### What to do
Any picture must be dropped, but each line of the data should be duplicated exactly.

### Supplied data
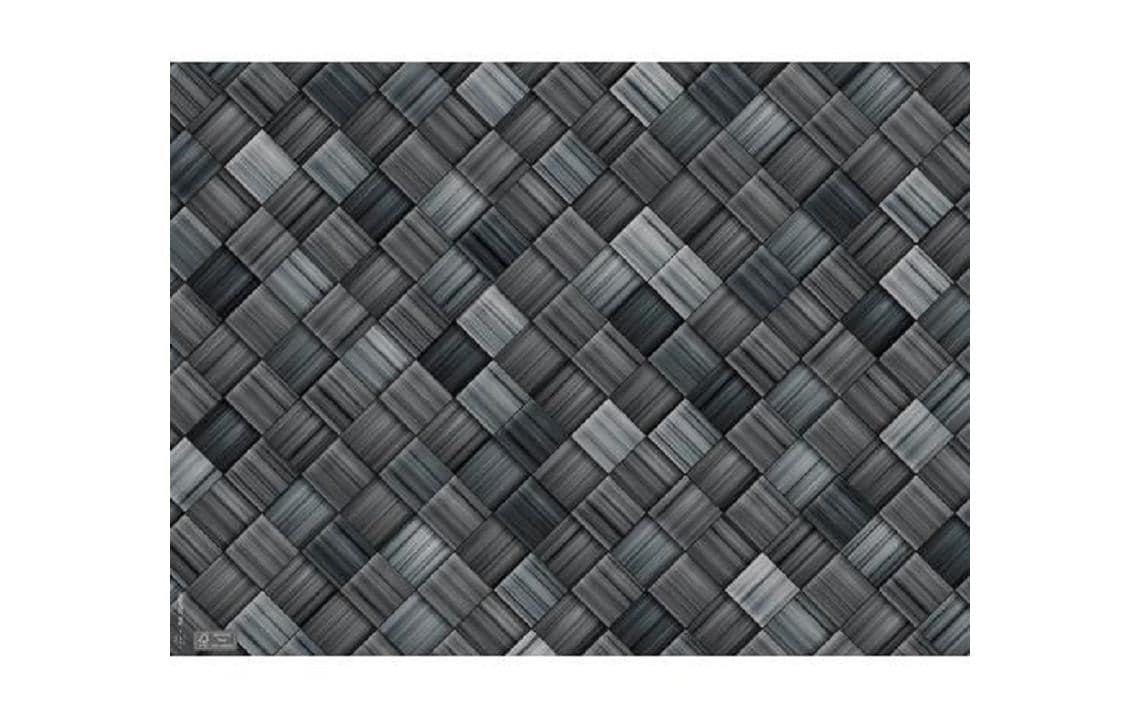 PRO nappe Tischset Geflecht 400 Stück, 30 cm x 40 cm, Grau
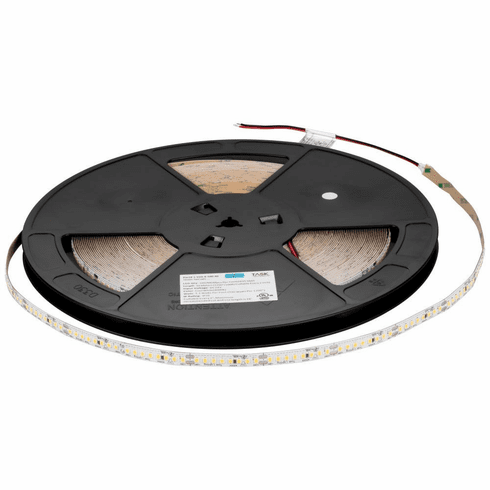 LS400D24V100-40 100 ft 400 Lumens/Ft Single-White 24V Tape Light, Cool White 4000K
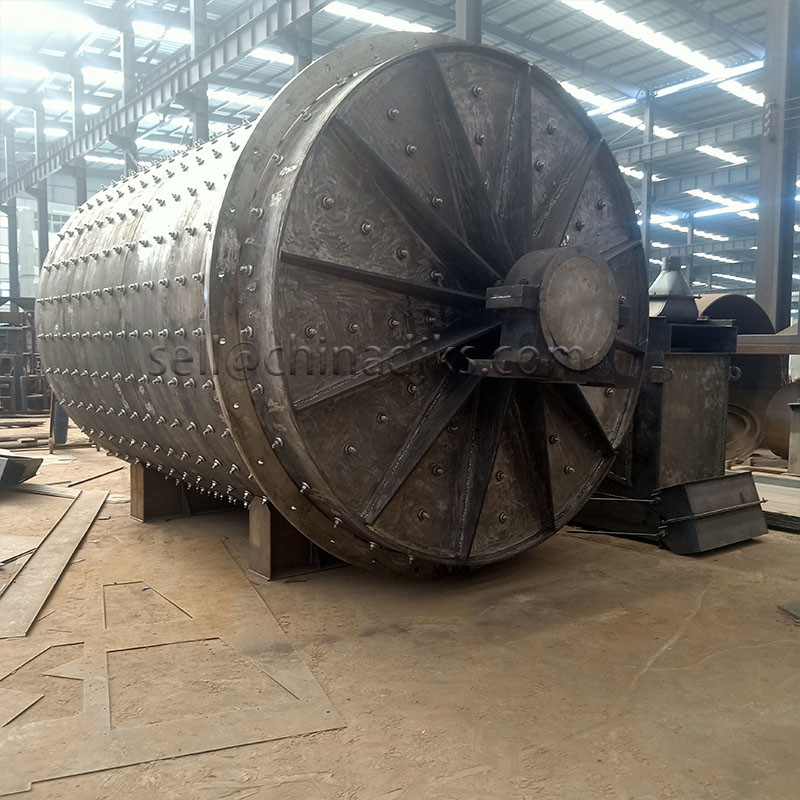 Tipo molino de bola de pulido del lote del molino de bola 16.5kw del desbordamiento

### Completed exercise
 PRO nappe Tischset Geflecht 400 Stück, 30 cm x 40 cm, Grau
 LS400D24V100-40 100 ft 400 Lumens/Ft Single-White 24V Tape Light, Cool White 4000K
 Tipo molino de bola de pulido del lote del molino de bola 16.5kw del desbordamiento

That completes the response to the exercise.